==== Data segment
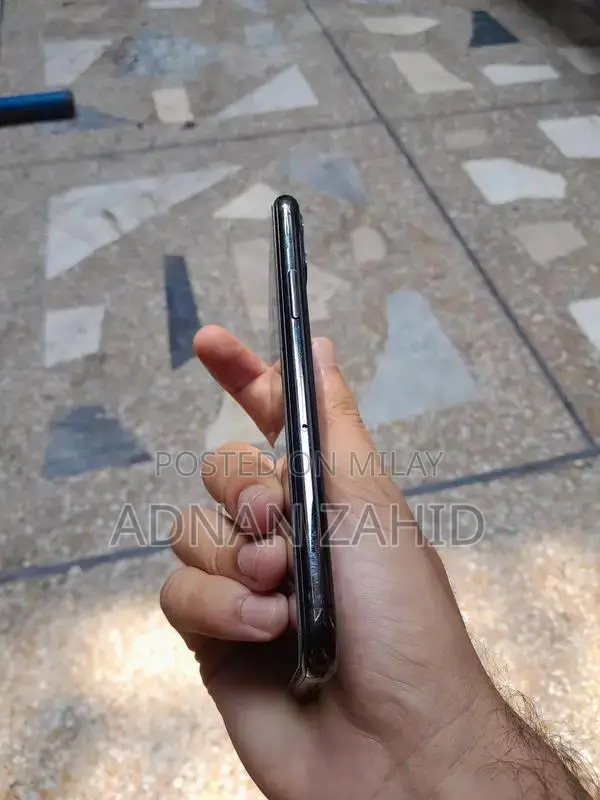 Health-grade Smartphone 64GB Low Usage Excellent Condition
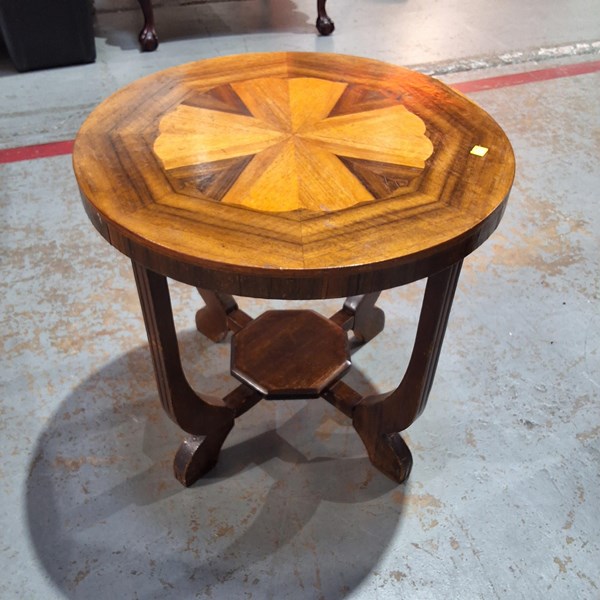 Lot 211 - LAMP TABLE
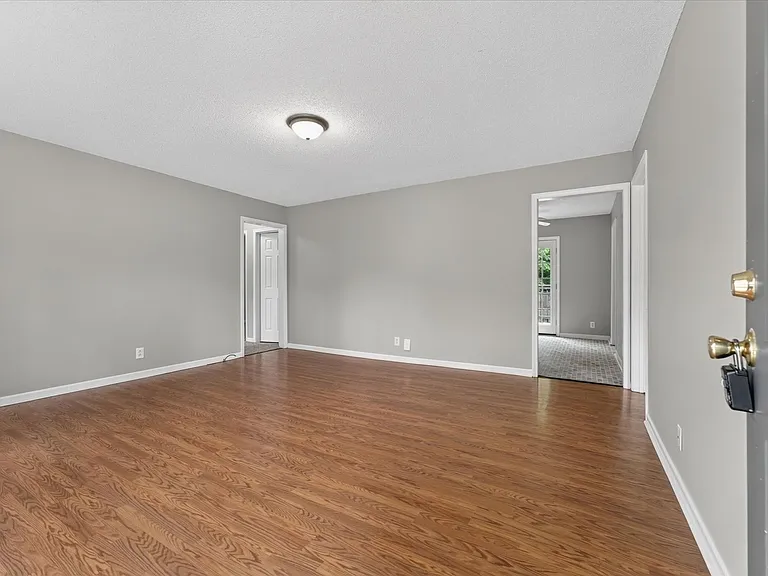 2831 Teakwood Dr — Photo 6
========
• **About this exercise**
Write out again every line above exactly as given; the pictures do not belong in the copy.

• **Result of the task**
 Health-grade Smartphone 64GB Low Usage Excellent Condition
 Lot 211 - LAMP TABLE
 2831 Teakwood Dr — Photo 6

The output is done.